Testing stellar yield prescriptions in OMEGA+: Implications for rising sodium abundances in young thick disc stars

Abstract

We recently identified an upturn in [Na/Fe] for the population of Solar-type stars in the Galactic young thick disc (-0.3 < [Fe/H] < +0.3) at super-Solar metallicity in data from the GALactic Archaeology with HERMES (GALAH) survey. In this work, we investigate the origin of this unexplained sodium enrichment ([Na/Fe] ≈ 0--0.6~dex) using the OMEGA+ galactic chemical evolution code. We explore the rise of [Na/Fe] using four combinations of nucleosynthetic yields from the literature, considering contributions from core-collapse supernovae, asymptotic giant branch stars, and Type~Ia supernovae.

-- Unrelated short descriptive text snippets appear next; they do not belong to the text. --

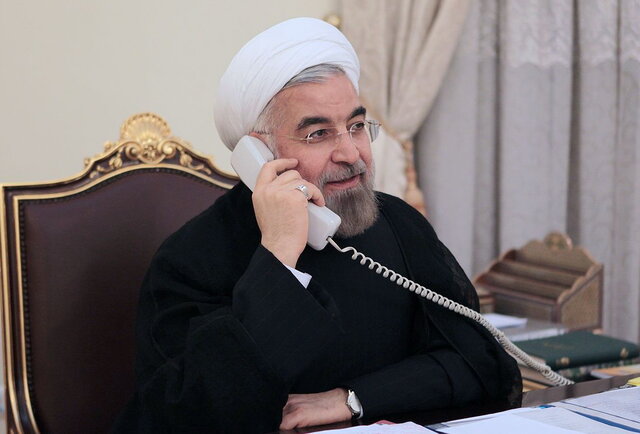 تماس تلفنی روحانی با عراق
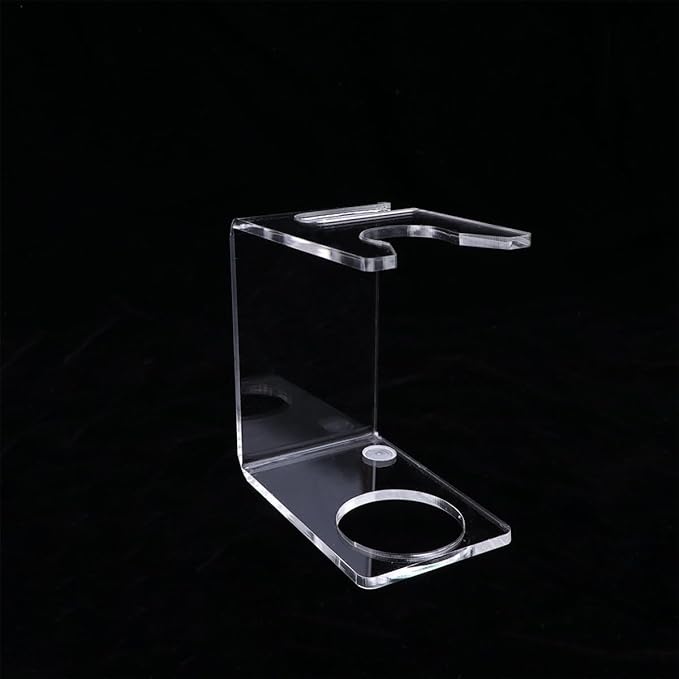 Healifty Shaving Brush Stand - Razor Holder for Shower Elegant Organizer for Men S Grooming Compact Size 3.93X3.34X2.36 Inches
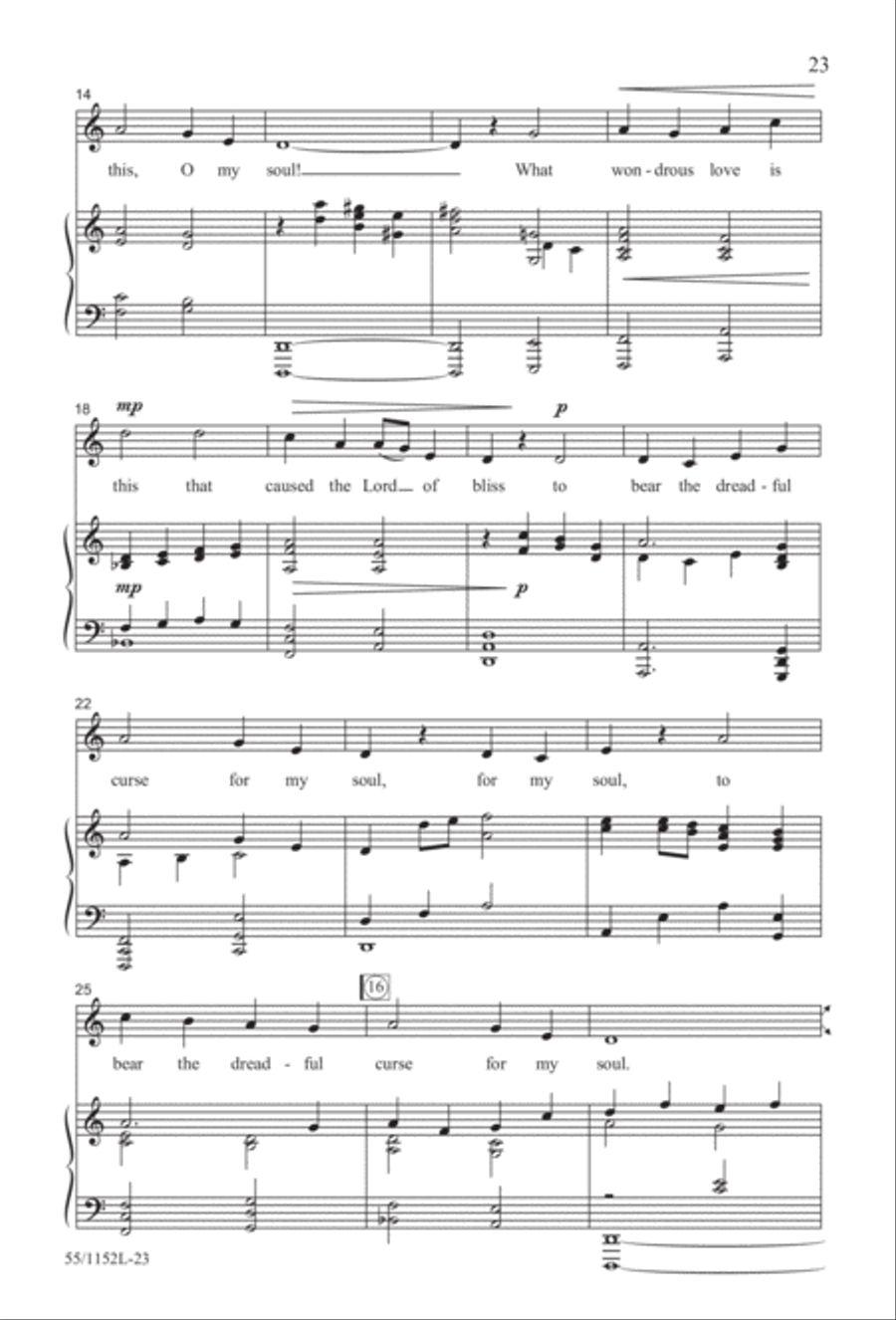 The Way of the Cross Leads Home (Digital Download) 3-Part scores gallery preview page 23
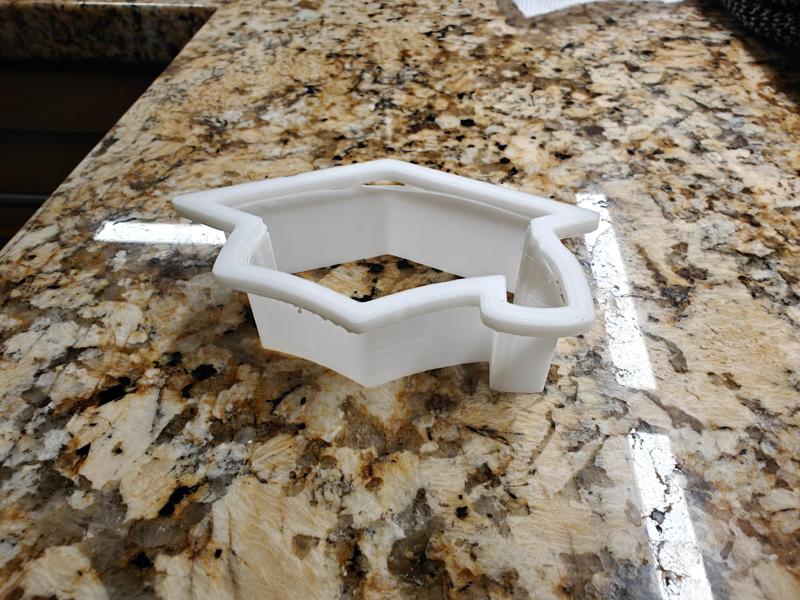 Graduation Cap Cookie Cutter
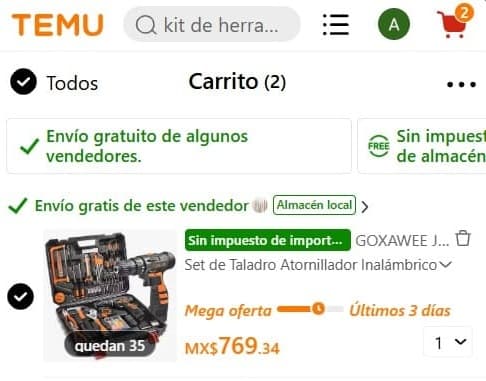 Paso 5: Confirma el descuento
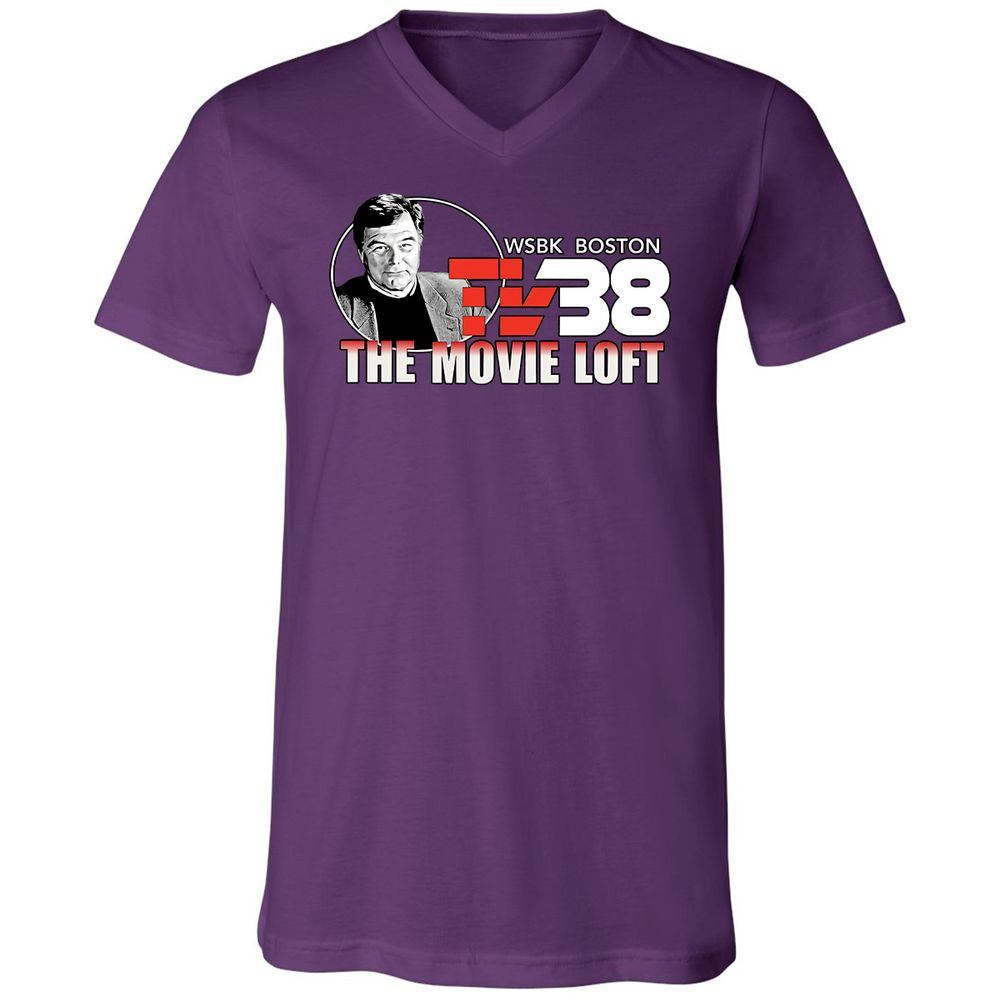 Unisex V-Neck T-Shirt - JQXRQ16J - Team Purple - 9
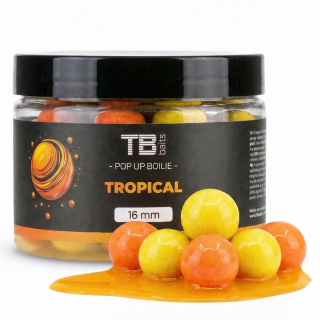 TB BAITS Plovoucí boilie Pop-up Tropical + NHDC 50 g 12mm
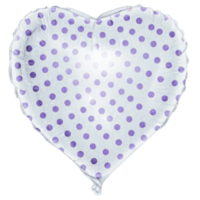 watercolor hand drawn heart shaped realistic balloon png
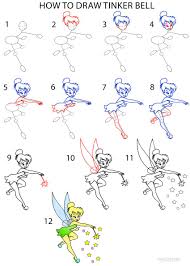 Pin By Lori Gagnon On How To Draw Drawing Cartoon Characters Easy Disney Drawings Tinkerbell Drawing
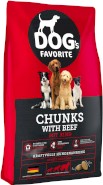 HAPPY DOG DOG's Favorite Chunks Wołowina 15kg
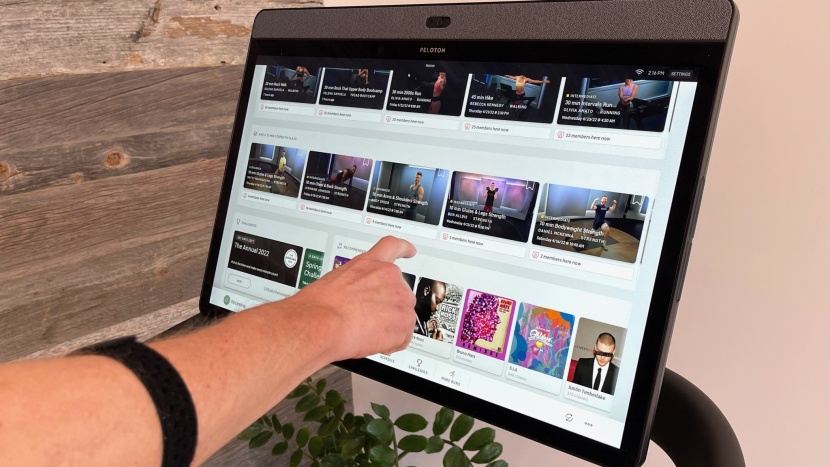 peloton tread - touchscreens, like this one on the peloton tread, are becoming more...
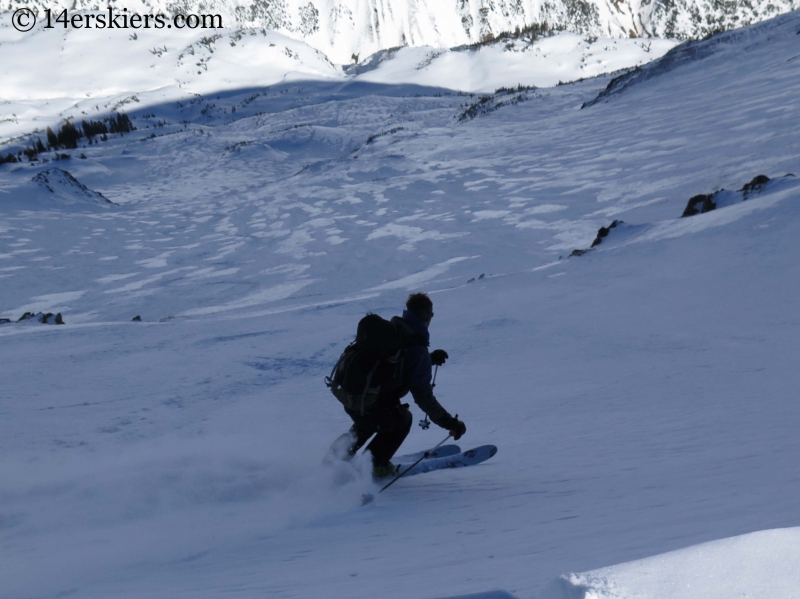 Pete backcountry skiing in Crested Butte.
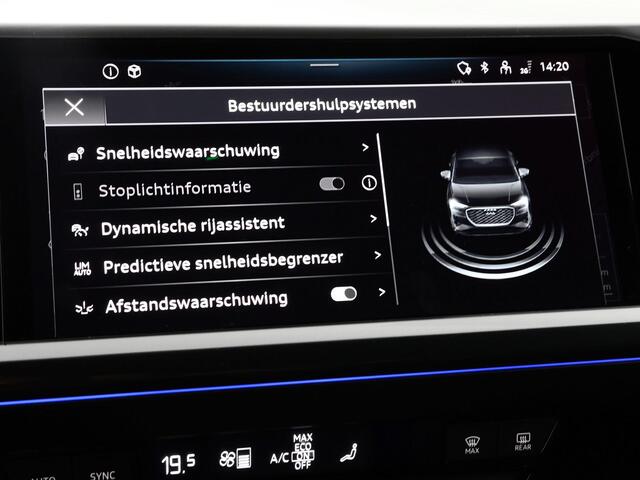Audi Q4 Sportback e-tron 40 204pk S edition 77 kWh · SOH 97,1% · Apple/Android Car Play · Camera · Adaptive Cruise Control · 20'' · Navigatie · Head-up Display ·
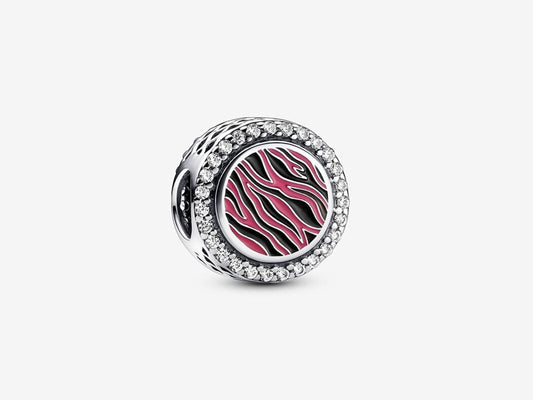 Pink Zebra Charm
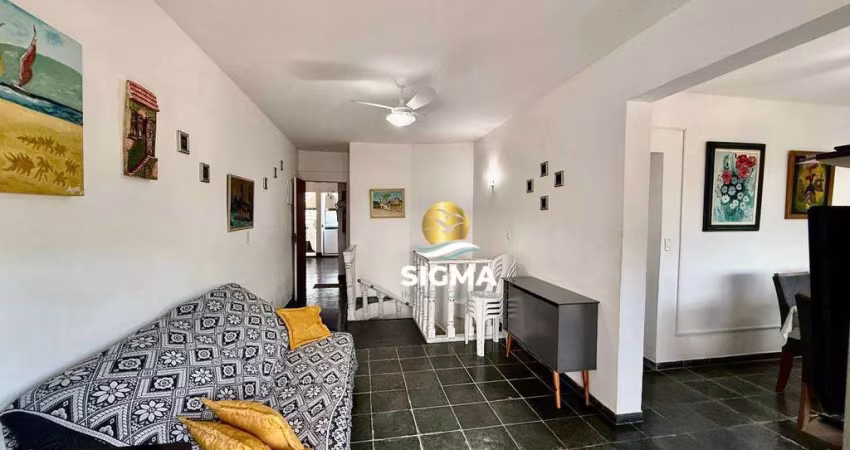 Cobertura com 3 quartos sendo 1 suíte à venda, 160 m² por R$ 700.000 - Tombo - Guarujá/SP.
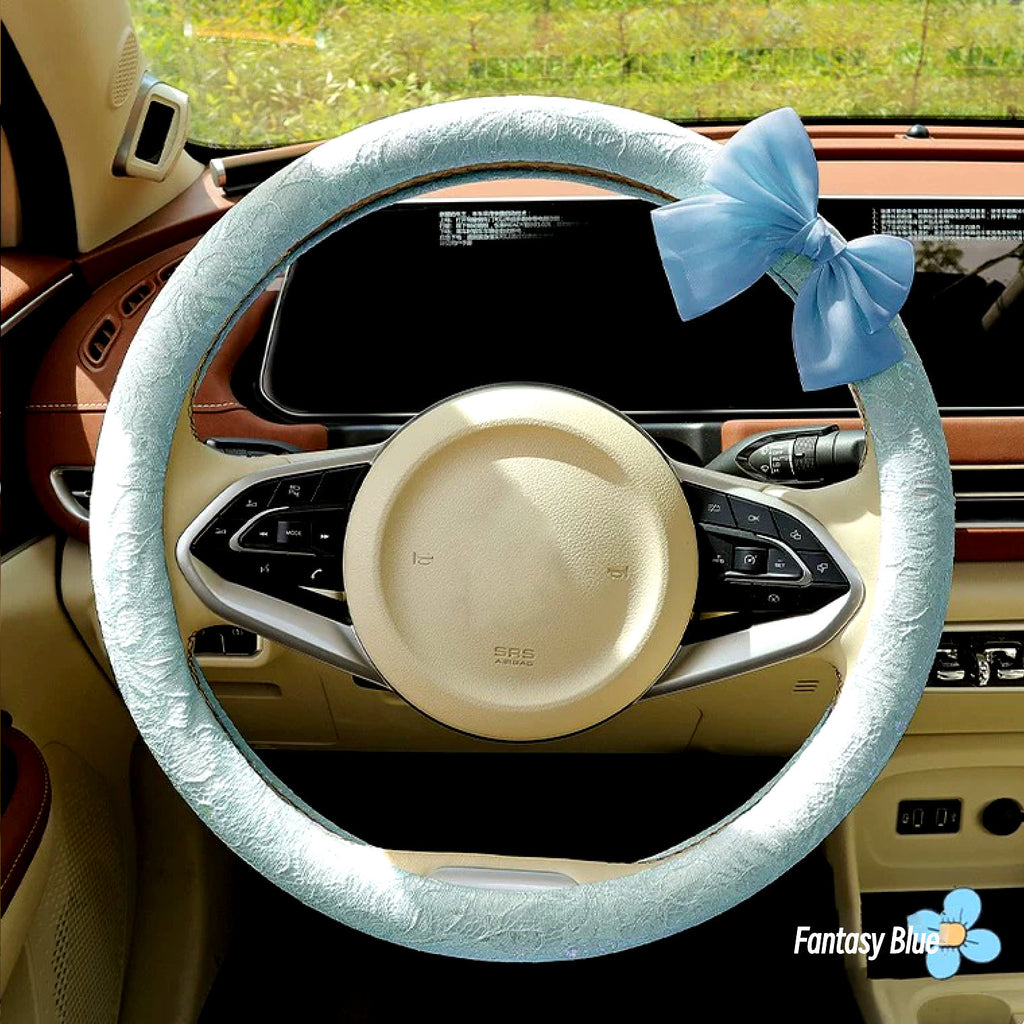 Lace steering wheel cover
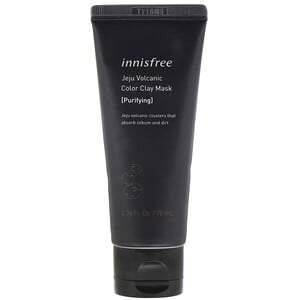 Innisfree, Jeju Volcanic Color Clay Beauty Mask, Purifying, 2.36 fl oz (70 ml) - HealthCentralUSA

Our analysis focuses on two possible drivers of the Na enhancement: a metallicity-dependent increase in Na production from core-collapse supernovae at super-Solar metallicities, and enrichment from metal-rich AGB stars. We adopt two sets of Type~Ia supernova yields, one assuming exclusively Chandrasekhar-mass explosions and the other assuming only sub-Chandrasekhar-mass explosions. We find that the assumed Type~Ia explosion scenario has little influence on the resulting [Na/Fe] evolution, and that all chemical evolution models tested fail to reproduce the observed Na enrichment in the young thick-disc population at super-Solar metallicity. Our results suggest a possible ``under-pollution effect'' by Type~Ia supernovae -- the dominant producers of iron -- in the Solar-type stellar population of the Galactic disc. These findings provide a step toward understanding the origin of the anomalous sodium enrichment at super-Solar metallicities in the Galactic disc.